A line is terminated by a carriage return, line feed or both.
The returned line will not contain the terminating carriage return/line feed character(s).
BOOL GetNextCharacter( CParsePoint& parse_point, DWORD& character ) const
Like GetCharacter() except the parse point will be advanced
by however many bytes make up one character (1, 2 or 4). It allows you to basically
enumerate through the data stream. It will return TRUE of character was
filled or FALSE if you have reached the end (or passed the end) of the data.

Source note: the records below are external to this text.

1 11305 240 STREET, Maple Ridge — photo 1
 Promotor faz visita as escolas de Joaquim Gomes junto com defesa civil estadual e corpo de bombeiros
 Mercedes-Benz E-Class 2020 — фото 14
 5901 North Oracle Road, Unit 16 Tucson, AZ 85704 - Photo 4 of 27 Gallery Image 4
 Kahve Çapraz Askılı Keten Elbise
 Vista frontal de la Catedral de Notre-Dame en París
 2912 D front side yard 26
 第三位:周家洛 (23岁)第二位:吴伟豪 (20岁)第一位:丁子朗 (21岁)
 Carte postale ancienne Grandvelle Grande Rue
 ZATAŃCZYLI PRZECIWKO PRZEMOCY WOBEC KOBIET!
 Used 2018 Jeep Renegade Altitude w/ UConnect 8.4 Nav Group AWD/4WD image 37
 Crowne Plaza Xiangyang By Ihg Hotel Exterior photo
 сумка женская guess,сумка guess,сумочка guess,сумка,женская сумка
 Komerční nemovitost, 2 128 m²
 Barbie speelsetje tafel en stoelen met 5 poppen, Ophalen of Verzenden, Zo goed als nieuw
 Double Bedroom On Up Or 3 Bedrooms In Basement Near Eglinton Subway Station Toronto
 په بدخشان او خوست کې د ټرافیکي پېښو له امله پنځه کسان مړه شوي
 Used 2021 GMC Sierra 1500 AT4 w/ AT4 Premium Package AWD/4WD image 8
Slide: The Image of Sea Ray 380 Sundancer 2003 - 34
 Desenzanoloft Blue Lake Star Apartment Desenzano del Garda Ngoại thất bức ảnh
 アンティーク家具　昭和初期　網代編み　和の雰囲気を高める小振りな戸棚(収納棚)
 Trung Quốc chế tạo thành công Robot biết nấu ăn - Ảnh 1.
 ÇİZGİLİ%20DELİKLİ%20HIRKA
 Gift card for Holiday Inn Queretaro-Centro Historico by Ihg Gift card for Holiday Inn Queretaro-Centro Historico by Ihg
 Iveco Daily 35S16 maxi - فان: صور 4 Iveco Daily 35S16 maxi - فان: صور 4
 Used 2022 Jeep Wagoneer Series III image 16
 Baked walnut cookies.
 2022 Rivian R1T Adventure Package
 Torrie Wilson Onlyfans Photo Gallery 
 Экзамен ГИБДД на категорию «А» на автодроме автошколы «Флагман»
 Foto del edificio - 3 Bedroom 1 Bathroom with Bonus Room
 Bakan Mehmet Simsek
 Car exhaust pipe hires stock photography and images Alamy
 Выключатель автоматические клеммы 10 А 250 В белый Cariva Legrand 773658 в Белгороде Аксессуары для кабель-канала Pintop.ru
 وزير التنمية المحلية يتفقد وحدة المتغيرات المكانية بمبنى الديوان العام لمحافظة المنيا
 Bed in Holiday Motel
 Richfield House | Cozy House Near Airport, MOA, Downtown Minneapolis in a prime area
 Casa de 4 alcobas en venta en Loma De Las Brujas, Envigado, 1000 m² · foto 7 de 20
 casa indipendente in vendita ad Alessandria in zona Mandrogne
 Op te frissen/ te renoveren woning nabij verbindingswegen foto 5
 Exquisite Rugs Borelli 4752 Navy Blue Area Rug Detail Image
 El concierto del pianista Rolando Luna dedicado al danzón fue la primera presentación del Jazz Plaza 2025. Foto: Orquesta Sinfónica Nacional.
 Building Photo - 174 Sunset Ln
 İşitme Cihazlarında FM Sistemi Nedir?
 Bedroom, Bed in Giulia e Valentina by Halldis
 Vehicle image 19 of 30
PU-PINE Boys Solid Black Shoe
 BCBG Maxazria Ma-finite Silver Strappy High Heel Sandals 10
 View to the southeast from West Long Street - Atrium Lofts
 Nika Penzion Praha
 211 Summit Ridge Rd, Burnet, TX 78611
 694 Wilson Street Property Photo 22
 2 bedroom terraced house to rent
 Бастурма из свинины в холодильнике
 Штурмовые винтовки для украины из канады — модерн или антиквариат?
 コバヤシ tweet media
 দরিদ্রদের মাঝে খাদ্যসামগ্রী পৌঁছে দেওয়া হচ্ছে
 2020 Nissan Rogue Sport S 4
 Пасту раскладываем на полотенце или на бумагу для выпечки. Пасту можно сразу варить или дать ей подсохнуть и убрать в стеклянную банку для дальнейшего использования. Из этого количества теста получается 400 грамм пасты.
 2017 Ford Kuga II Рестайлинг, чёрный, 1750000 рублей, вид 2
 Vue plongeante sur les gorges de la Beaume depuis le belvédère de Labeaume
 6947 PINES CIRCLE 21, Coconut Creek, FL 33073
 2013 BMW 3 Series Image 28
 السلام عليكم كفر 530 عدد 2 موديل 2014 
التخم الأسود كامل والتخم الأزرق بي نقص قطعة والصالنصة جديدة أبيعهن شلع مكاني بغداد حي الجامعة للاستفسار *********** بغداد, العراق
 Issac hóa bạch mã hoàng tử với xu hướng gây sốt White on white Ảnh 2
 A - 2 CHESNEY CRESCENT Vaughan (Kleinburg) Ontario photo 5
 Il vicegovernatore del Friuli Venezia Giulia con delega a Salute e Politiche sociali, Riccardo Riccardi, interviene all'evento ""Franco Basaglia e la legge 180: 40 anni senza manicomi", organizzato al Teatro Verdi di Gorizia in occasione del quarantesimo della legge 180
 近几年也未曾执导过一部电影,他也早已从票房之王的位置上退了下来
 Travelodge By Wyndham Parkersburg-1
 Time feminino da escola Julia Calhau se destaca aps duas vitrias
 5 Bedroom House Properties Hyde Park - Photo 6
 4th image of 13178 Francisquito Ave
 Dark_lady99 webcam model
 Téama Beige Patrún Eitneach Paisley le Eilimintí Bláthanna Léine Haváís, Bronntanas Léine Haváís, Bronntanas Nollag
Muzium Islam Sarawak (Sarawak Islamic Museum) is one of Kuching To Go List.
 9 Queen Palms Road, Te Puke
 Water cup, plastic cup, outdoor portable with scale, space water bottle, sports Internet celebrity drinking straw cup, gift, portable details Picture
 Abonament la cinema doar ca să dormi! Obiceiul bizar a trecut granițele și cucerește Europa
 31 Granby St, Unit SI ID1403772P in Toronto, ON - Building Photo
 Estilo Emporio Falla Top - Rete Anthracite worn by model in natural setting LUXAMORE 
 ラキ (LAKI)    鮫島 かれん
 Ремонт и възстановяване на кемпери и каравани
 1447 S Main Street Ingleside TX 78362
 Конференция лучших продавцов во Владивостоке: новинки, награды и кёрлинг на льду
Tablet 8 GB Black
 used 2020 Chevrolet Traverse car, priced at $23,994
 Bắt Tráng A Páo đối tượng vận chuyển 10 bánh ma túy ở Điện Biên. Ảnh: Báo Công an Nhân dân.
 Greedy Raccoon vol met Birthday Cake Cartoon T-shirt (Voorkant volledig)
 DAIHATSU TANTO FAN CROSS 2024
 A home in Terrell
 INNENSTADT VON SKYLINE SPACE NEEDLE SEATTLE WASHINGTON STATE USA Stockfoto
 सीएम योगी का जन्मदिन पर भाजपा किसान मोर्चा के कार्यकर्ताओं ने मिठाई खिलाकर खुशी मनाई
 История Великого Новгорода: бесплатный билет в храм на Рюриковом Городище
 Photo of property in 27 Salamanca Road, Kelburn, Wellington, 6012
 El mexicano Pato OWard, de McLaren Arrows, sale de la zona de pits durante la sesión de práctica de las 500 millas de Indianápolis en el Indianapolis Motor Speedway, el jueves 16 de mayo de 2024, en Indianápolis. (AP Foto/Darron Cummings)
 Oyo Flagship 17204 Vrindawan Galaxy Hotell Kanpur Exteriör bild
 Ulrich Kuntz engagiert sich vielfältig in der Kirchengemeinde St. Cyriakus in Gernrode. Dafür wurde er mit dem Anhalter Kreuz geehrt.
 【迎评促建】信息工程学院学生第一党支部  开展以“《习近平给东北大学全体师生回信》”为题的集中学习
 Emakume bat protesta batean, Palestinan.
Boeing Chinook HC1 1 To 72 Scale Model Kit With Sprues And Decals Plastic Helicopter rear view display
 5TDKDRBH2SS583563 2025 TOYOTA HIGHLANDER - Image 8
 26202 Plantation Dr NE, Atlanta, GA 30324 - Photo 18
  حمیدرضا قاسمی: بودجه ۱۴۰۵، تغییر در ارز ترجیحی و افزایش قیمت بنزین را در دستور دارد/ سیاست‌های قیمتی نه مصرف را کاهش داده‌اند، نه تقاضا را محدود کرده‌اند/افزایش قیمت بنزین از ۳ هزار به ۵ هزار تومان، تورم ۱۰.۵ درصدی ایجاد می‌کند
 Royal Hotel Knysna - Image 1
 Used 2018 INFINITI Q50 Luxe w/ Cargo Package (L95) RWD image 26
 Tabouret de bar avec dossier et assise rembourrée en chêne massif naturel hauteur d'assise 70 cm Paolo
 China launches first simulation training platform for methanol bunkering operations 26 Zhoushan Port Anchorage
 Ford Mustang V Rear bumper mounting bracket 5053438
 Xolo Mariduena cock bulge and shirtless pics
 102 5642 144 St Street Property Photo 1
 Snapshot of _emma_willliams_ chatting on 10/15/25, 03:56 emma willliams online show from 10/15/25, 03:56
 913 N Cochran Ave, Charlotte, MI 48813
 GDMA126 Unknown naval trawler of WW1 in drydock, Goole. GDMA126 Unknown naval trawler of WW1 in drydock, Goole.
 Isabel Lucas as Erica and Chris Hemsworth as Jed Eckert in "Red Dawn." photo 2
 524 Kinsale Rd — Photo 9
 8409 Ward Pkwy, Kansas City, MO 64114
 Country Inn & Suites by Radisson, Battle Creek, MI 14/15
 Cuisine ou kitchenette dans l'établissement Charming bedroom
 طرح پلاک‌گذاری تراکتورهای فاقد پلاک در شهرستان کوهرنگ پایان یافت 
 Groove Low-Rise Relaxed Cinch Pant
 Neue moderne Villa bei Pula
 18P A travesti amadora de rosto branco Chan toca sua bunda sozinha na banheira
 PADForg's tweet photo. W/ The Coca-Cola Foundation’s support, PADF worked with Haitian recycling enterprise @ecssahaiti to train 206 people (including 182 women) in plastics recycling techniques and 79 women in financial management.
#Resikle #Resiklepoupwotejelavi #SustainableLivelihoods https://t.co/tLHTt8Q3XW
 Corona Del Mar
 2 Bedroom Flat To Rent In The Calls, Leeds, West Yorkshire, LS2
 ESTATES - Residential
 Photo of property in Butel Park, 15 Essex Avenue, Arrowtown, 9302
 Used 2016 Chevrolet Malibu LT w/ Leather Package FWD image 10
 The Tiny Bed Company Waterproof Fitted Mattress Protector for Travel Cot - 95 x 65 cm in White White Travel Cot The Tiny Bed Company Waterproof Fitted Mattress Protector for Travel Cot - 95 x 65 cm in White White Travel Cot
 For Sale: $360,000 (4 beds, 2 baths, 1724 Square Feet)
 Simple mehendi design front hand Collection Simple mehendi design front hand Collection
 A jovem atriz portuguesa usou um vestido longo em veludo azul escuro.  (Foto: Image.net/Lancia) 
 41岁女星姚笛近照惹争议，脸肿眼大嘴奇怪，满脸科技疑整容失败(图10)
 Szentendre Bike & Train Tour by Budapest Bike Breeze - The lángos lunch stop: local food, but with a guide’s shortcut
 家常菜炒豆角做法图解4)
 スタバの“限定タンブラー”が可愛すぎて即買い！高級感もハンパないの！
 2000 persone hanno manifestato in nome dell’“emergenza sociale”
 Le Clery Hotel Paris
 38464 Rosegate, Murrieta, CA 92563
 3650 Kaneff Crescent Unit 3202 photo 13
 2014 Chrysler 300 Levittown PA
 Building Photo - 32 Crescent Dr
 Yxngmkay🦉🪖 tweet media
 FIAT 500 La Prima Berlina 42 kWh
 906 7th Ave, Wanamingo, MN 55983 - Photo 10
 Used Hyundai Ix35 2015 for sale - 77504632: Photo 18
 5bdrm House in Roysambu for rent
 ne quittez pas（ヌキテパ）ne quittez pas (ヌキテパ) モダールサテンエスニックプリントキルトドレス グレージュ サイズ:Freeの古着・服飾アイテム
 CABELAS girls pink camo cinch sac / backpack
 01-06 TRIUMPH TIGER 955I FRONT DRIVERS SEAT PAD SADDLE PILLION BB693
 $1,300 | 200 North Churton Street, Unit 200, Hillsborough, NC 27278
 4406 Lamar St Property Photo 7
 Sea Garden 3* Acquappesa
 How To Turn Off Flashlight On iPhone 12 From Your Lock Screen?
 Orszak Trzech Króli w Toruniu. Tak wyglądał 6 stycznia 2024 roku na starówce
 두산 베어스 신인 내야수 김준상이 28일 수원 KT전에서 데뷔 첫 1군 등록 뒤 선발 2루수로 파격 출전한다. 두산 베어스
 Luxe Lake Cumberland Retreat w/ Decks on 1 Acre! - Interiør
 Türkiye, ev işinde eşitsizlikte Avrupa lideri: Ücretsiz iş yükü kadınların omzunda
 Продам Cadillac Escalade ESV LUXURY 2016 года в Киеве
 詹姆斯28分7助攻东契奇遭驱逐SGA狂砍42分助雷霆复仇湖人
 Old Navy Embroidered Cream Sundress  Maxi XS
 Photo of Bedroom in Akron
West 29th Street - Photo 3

DWORD GetUCS4Order( void ) const
Returns one of the following:
BYTE GetUnicodeToASCIITranslationFailureCharacter( void ) const
Returns the ASCII character that will be substituted when a translation from
UNICODE to ASCII fails.
DWORD GetSize( void ) const
Returns the number of bytes in the data area.
BOOL GetUntilAndIncluding( CParsePoint& parse_point, BYTE termination_byte, CString& string_to_get ) const
BOOL GetUntilAndIncluding( CParsePoint& parse_point, BYTE termination_byte, CByteArray& bytes_to_get ) const
This method retrieves data (filling string_to_get or bytes_to_get)
until and including the termination_byte. The parse_point
is advanced in the process.
BOOL Initialize( CByteArray * data, BOOL automatically_delete = FALSE )
BOOL Initialize( const CStringArray& strings )
Tells the parser where to go for data.
BOOL IsTextASCII( void ) const
Returns TRUE if characters are to be treated as one byte each.
BOOL IsTextBigEndian( void ) const
Returns TRUE if text is big endian (Sun) format. This has meaning when the
underlying characters are treated as UNICODE or ICS-4.
BOOL IsTextUCS4( void ) const
Returns TRUE if characters are to be treated as four bytes per character.
BOOL PeekAtCharacter( const CParsePoint& parse_point, DWORD& character, const DWORD number_of_characters_ahead = 1 ) const
Allows you to peek ahead at characters. It will return TRUE if
character was filled with a character from the data stream.
It will return FALSE when you have tried to read passed the end of the stream.
DWORD PeekCharacter( const CParsePoint& parse_point, const LONG number_of_characters_ahead ) const
Allows you to peek ahead at characters. It will the character at the current location plus
number_of_characters_ahead. If you attempt to read a character passed the
end of the data, it will return NULL.
BOOL SetTextToASCII( BOOL text_is_ascii = TRUE )
Tells the class to interpret characters as one byte each.
BOOL SetTextToBigEndian( BOOL unicode_is_big_endian = TRUE )
Tells the class to interpret UNICODE or UCS-4 characters as big endian (Sun) format.
Little endian is Intel format.
BOOL SetTextToUCS4( BOOL text_is_ucs4 = TRUE )
Tells the class to interpret characters as four bytes each.
BOOL SetUCS4Order( DWORD order = 4321 )
Tells the parser to interpret UCS-4 characters in 4321 format.
void SetUnicodeToASCIITranslationFailureCharacter( BYTE asci_character )
This sets the character that will be substituted when a translation must be made
from UNICODE to ASCII. Since ASCII only has 256 possible values and UNICODE has 65536,
some provision must be made for bad translations.